いいものは必ず受け入れられる! 山の中で行列ができる"たまごかけごはん"専門店
2020年03月09日
「少しでも高く売りたい」が原点
西垣源正さんは、豊岡市但東町の山の中に作った"たまごかけごはん"の店「但熊」を行列のできる繁盛店に育て上げた農業経営者だ。
但東町は戦前から製炭、養蚕、畜産が盛んで、戦後になって養鶏業が増えた地域である。西垣さんが農業高校を卒業して家を継いだとき、300羽程度の鶏舎を父親が経営していた。西垣さんは高校在学中から、自分で作ったものは自分で値段をつけて売りたいと考えていた。「いい卵を少しでも高く売りたい」と、鶏舎を増築し、4000羽の養鶏農家になった。さらに、地域の同業者14人でエサ配合施設を建て、高い品質の鶏卵づくりに励んだ。
西垣さんたちの売り値に対し、問屋からは「高すぎる」と言われたが、菓子製造会社と取引が始まり、年間4000万円の売上となった。当時の取引先の社長の言葉が、西垣さんのその後に大きな影響を与えたという。「おいしいものを作るには、職人の腕は3割程度で、7割は材料」。西垣さんは、生産する卵の品質こそがすべてであると胸に刻んだ。
だがその後、菓子会社の業績悪化により取引は終了してしまった。時代は昭和から平成を迎えようとしていた。14人いた仲間は高齢を理由に抜けていき、平成8年には西垣さん1人になった。千葉の同業者から卵の自動販売機を勧められ、1台60万円で購入したものの注目度が低く、売れ残ってしまう。千葉に電話すると、「自販機1台だけじゃダメだ。2~3台置かなけりゃ認知されないよ」と言われ、すぐに増設した。するとテレビで取り上げられ、徐々に売れ行きがよくなっていった。「この自販機が、その後の経営を支えてくれる、力強い戦力になりました」と西垣さんは笑う。
最初は1台のみだった卵の自動販売機。自動販売機の安定した収益がその後の事業展開につながる
直売所の共同経営から独立
ふるさと創生事業の一環として町内に温泉施設が開設され、多くの来場者が訪れた。西垣さんはここで地産の野菜などを販売しようと、仲間5人でトレーラーハウスの直売所を週末に開店した。まだ「道の駅」などの直売所が普及していなかった時期で、農家は野菜を持ってこない。西垣さんたちが集落を回り、野菜を集めて回った。やがて購買客が増え、野菜も多く集まるようになり、よく売れた。

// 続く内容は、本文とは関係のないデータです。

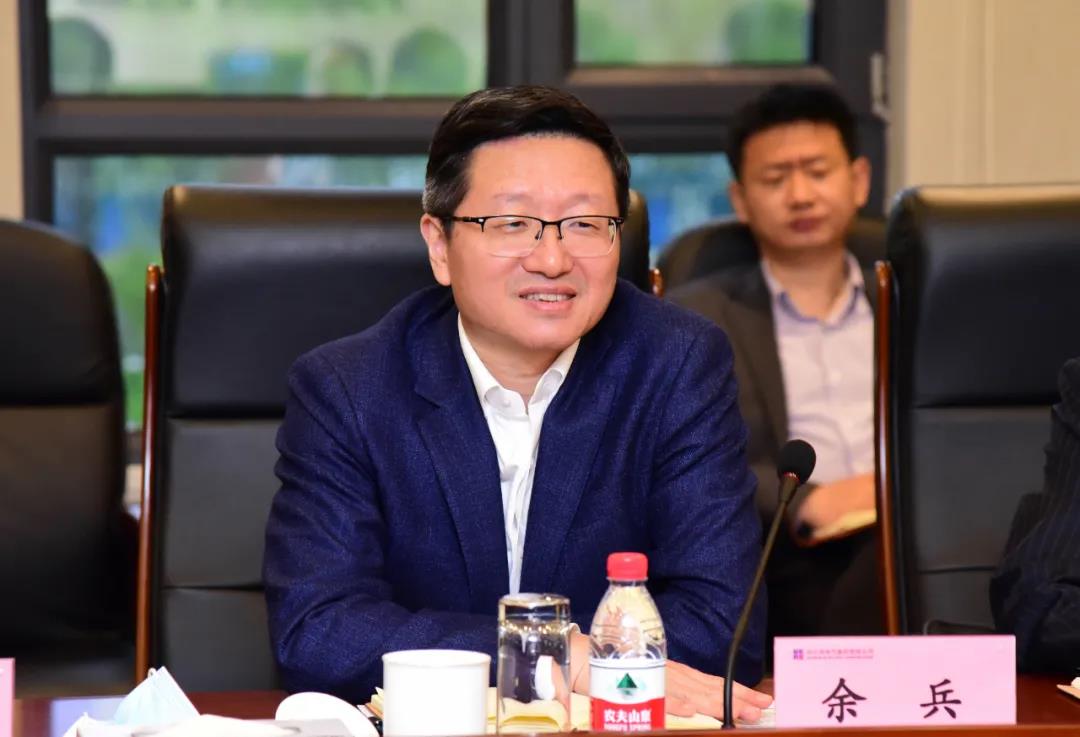 GA黄金甲·(中国区)体育官方网站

その頃、施設を経営する第三セクターから、直売所の増設が提案された。そのためには、施設工事や什器に経費が必要で、利益を上げなければならない。すると販売価格が上がり、生産者に負担をかけることになる。そうした状況を見て西垣さんは、温泉施設での販売から身を引くことにした。「但東町の生産者を大事にしなければだめだと思いました」。

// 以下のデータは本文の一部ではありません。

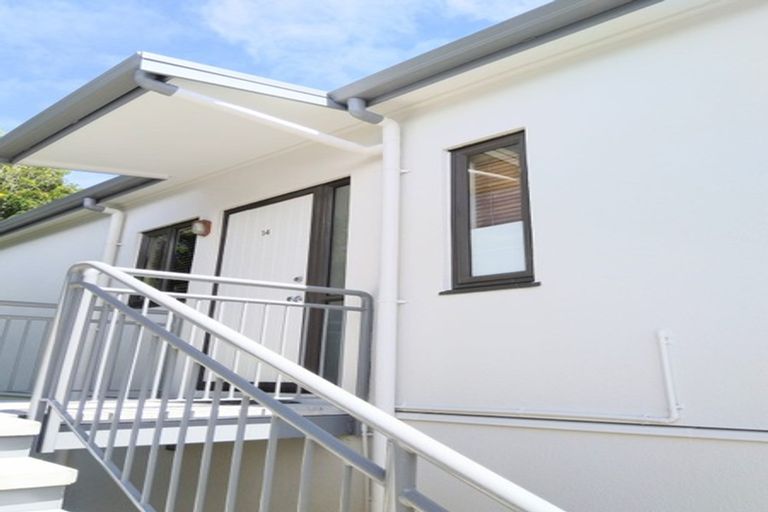 Photo of property in The Grange, 14/92 Bush Road, Albany, Auckland, 0632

左 :トレーラー販売から発展した農産物直売所「百笑館」
右 :店内には地元のとれたて野菜が並ぶ
西垣さんは仲間を説得して、トレーラーハウスで新たな直売所を作ることにした。そこが現在、直売所「百笑館(ひゃくしょうかん)」が建つ場所である。「当時このあたりは田んぼで、地主の許可を得て埋めて舗装しました。事務作業をスムーズにするためPOSレジを導入したけれど、1年目は200万円の赤字でした」。仲間が「もうやめよう」と主張する中、西垣さんだけが「もう一度投資して、建物もトイレも駐車場も整備しよう。5000万円の売上が出る店にしよう!」と力説する。地域の農家の野菜販売を続けたかったことと、「田んぼを埋めてしまった地主さんに申し訳ないし、5年契約のPOSレジのリースも契約期間が残っていました」。引くに引けない事情が西垣さんにはあった。結局、200万円の赤字を5人で分担して支払い、トレーラーハウス直売所の会は解散。西垣さんは1人で野菜の販売を再スタートさせた。それが地産野菜直売所「百笑館」だ。
左 :但東町栗尾(くりお)の卵だから「クリタマ」
右 :発酵鶏糞を使って栽培された西垣さんのお米
「たまごかけごはんが商売になるはずない」と言われても
平成13年にオープンした「百笑館」は、奥行きを狭くした分間口を広くとり、車で来やすい設計にした。「建物ができて、お客さんが来てくれましたが、この時期に底力を発揮したのが卵の自販機でした」。お客さんは、いい卵を覚えてくれる。そこから発想したのが"たまごかけごはん"だ。生みたての卵を炊きたてのご飯にかけ、醤油を垂らして食べる"たまごかけごはん"は、きっと人気を集めると常々思っていた。だが、誰に言っても同意してもらえない。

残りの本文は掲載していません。